Auch nach gründlicher Lektüre dieses reichhaltigen Bandes zeichnet sich für die Frage, wie sich Pseudepigraphie und Kanonizität vereinen lassen, keine einfache Lösung ab. Die einzig konsequente Option scheint mir weiterhin darin zu bestehen, literarischen Fälschungen (ähnlich wie den sekundären Textergänzungen in Mk 16 oder Joh 8) allenfalls einen deutero-kanonischen Rang zuzuerkennen (vgl. Pseudepigraphie und literarische Fälschung [2001], 179–191). Für eine im Grundsatz an Luther orientierte Kanontheologie müsste dieser Ansatz akzeptabel sein. Römisch-katholische Exegeten, denen die Kanongrenzen theologisch verbindlich vorgegeben sind, ist dieser Weg zwar versperrt. Man sollte allerdings nicht vergessen, dass die Christenheit in den ersten Jahrhunderten ihrer Existenz mit einem offenen Kanon und unterschiedlichen sowie sich verschiebenden Kanongrenzen gelebt (und theologisch geurteilt) hat.
Freilich führen derartige Fragen über das eigentliche Arbeitsgebiet des Philologen und Historikers hinaus.
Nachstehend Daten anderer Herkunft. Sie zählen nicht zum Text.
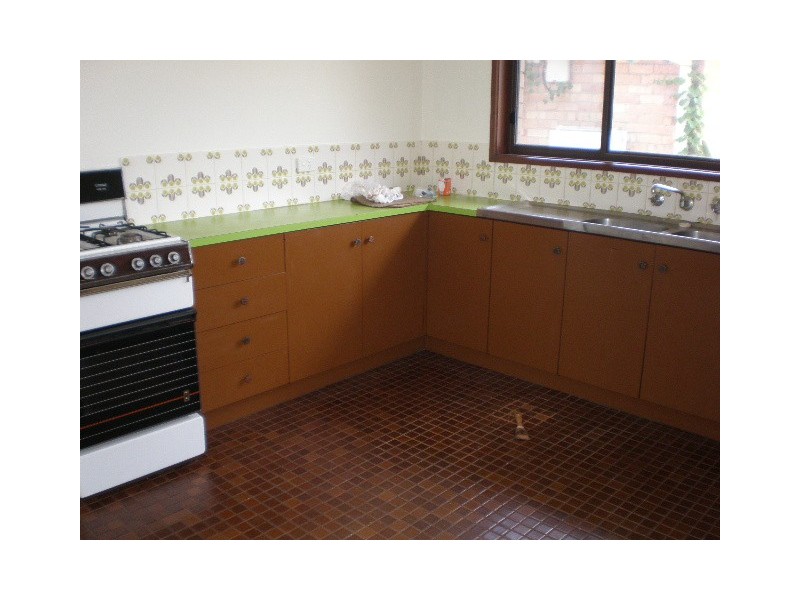 1/5 View Street, Reservoir VIC 3073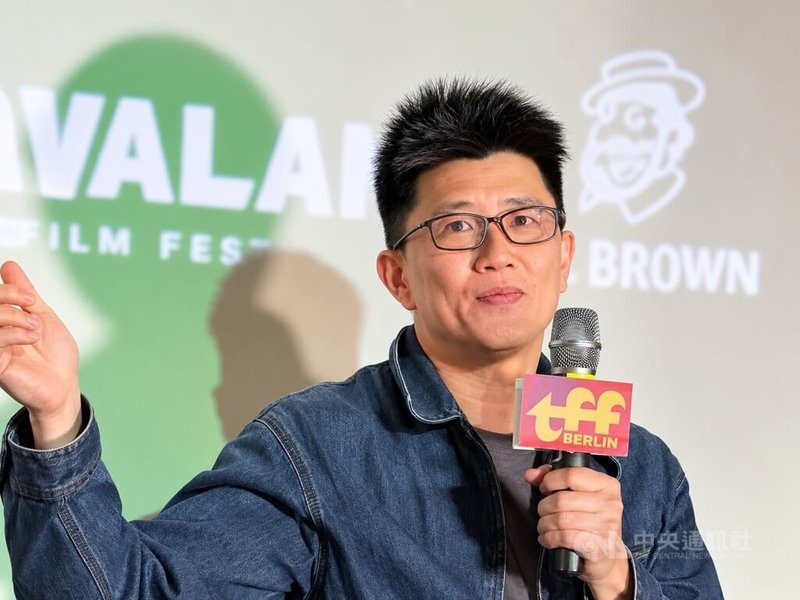 童年走私编故事练成导演 廖克发:台湾自由让我创作 1 出生於馬來西亞的導演廖克發為今年柏林台灣影展焦點電影人。他在開幕電影「人生海海」映後座談以個人作為移民的生命經驗談創作時表示,因台灣自由的環境,讓他選擇移居台灣作為創作基地。中央社記者林尚縈柏林攝 115年9月30日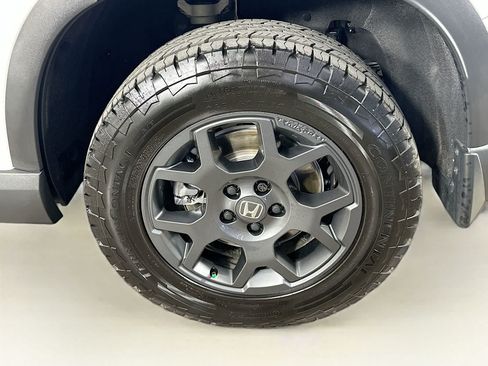 Used 2025 Honda Pilot TrailSport image 8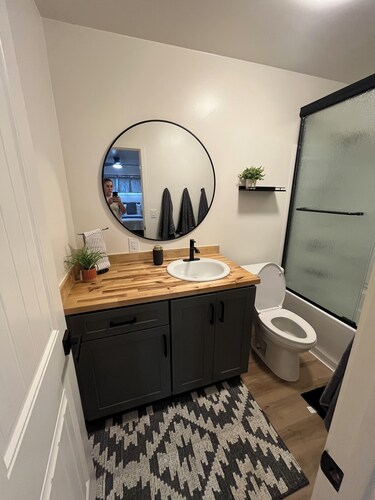 Clean, Private Studio Apartment in a Great Location near EAC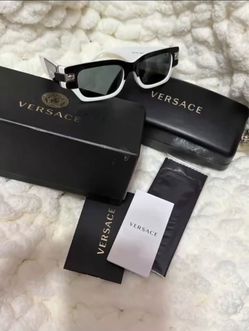 Versace sunglasses 🕶️ brand new in the box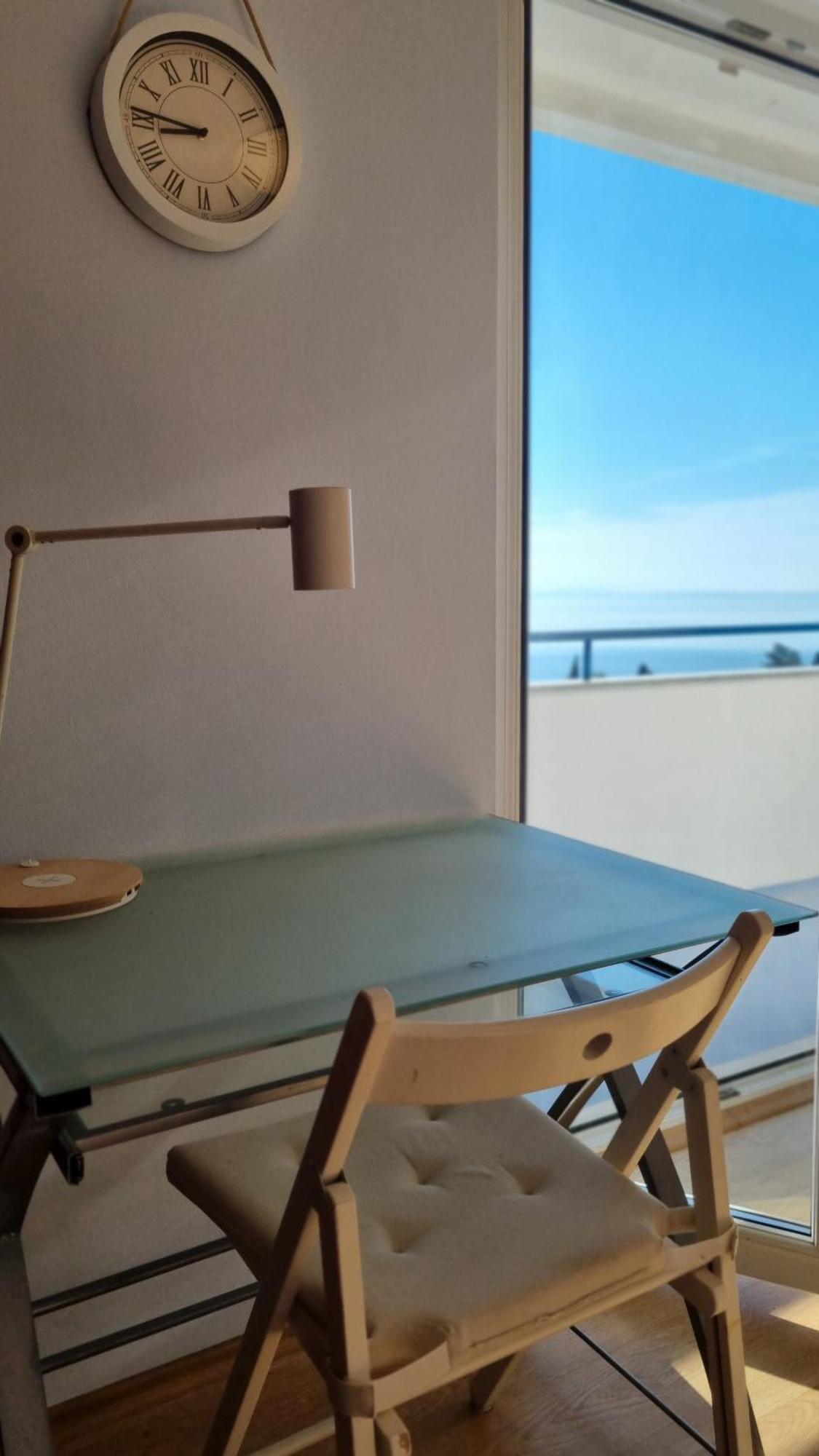 Apartment With Direct Sea View, Free Parking And Close To Beaches And Promenade Lovran Luaran gambar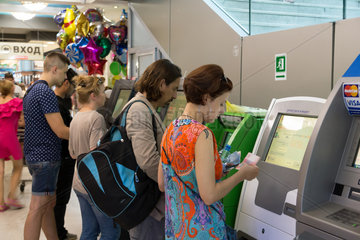 Odessa  Ukraine  Menschen an Geldautomaten im Einkaufszentrum Afina Gallery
Was die literarischen Konventionen in neutestamentlicher Zeit betrifft, dürfte der Sammelband sicher dazu beitragen, die besonders in der deutschsprachigen Exegese noch recht verbreitete Berufung auf eine im We­sentlichen täuschungsfreie antike Pseudepigraphie zu überwinden. Der von Frenschkowski festgestellte Mangel, dass die von mir vorgelegte Quellensammlung zum Thema unvollständig ist (183), wird sich in Zukunft sicher (nicht ausräumen, aber immerhin) reduzieren lassen. Aus der Sekundärliteratur ist jetzt auch die wichtige Arbeit von M. Mülke (Der Autor und sein Text [2008]) zu beachten. Meine wichtigste historische Anfrage betrifft den dritten Weg, der in diesem Sammelband eingeschlagen wird: Spricht die verfügbare historische Evidenz wirklich dafür, dass es in antiken Schulzusammenhängen zulässig war, eigene theologische Gedanken unter dem Namen eines Lehrers zu publizieren bzw. die Gedanken eines Lehrers nach dessen Tod in Briefform zu veröffentlichen (vgl. Pseudepigraphie und literarische Fälschung [2001], 35–39.51–62)? Und lassen die antiken Quellen tatsächlich den Schluss zu, dass nur komplexe Pseudepigraphen, in denen die falsche Verfasserangabe den gesamten Brief durchzieht, als literarische Fälschungen galten, während minimale Pseudepigraphen, denen nur ein unzutreffender Verfassername vorangestellt wurde, als transparente Fiktionen gemeint waren und so verstanden wurden? Derartigen Fragen dürfte in der durch diesen Sammelband angestoßenen Diskussion über einen dritten Weg ein wichtiger Platz zukommen.